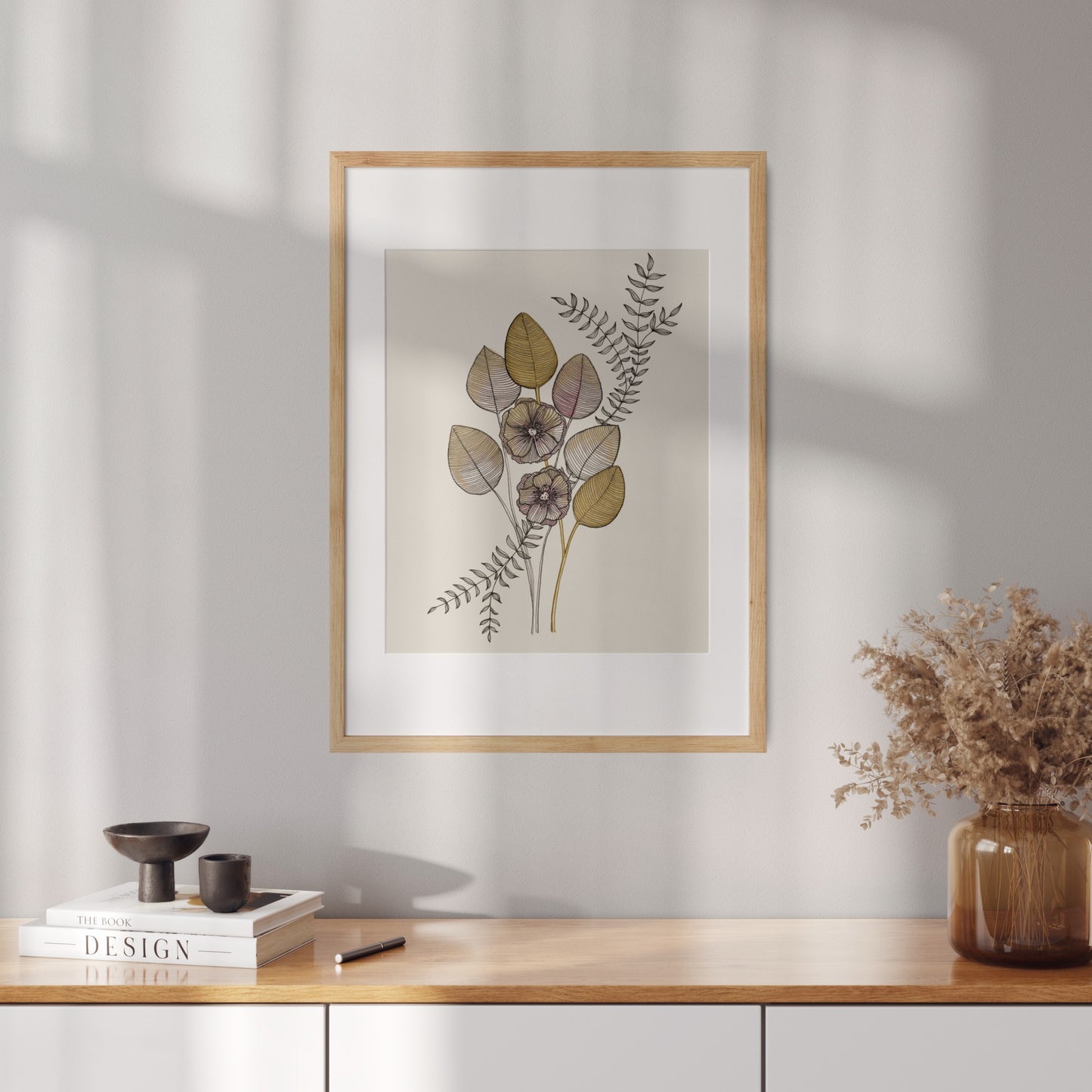 Pink Leaves Poster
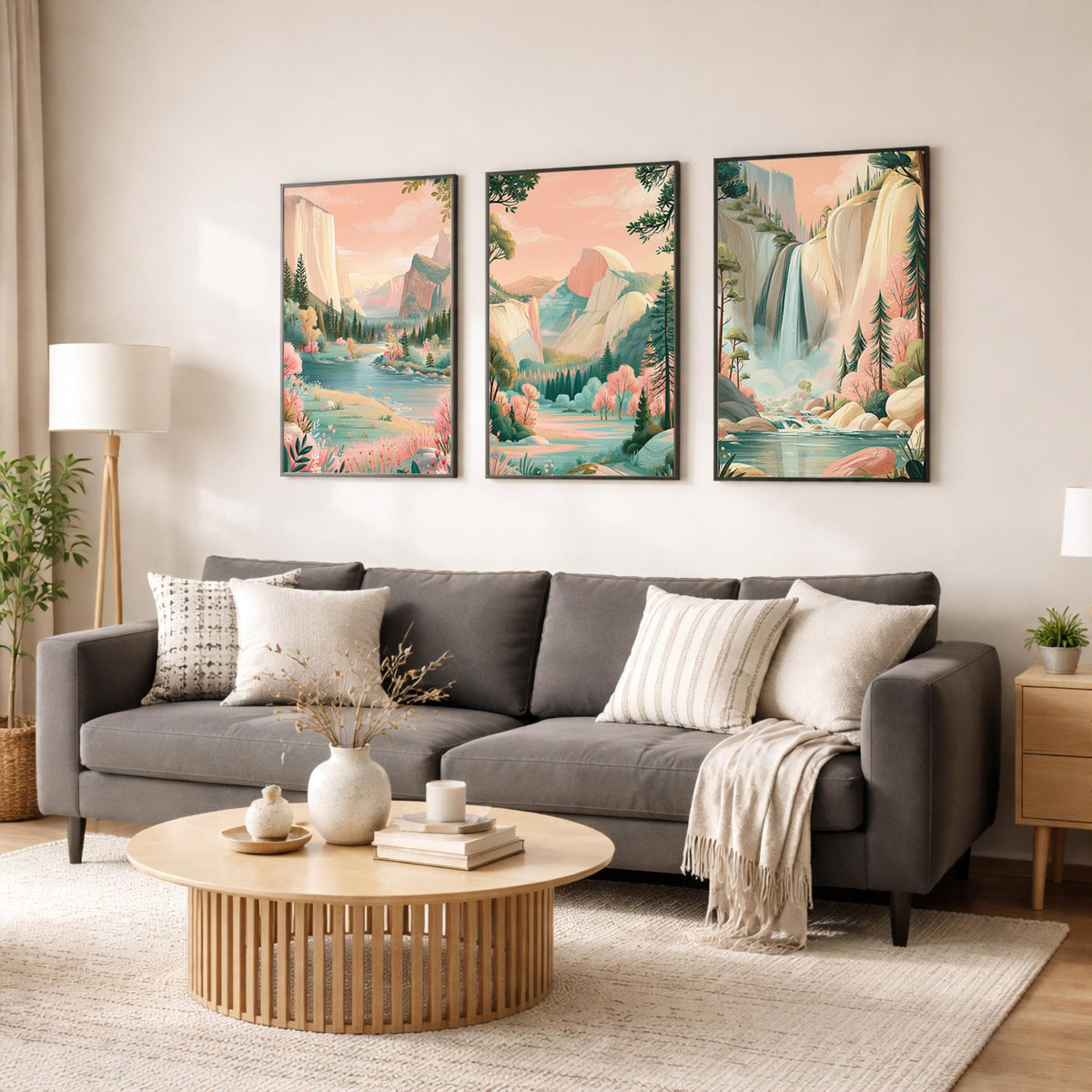 Yosemite Set of 3 Posters | Yosemite Gallery Wall Art - WanderWall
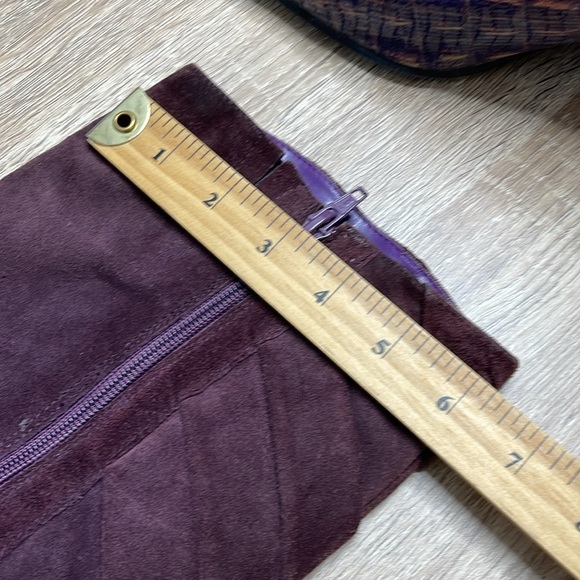 Romenni 80s Vibe Elegant Knee-High Kitten Heel Pointed Toe Boots Suede Snake 36 - Picture 13 of 15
______________________________
TASK DESCRIPTION =>
Print the whole listing above once more, word for word, without its pictures.

FINISHED TASK =>
 Pink Leaves Poster
 Yosemite Set of 3 Posters | Yosemite Gallery Wall Art - WanderWall
 Romenni 80s Vibe Elegant Knee-High Kitten Heel Pointed Toe Boots Suede Snake 36 - Picture 13 of 15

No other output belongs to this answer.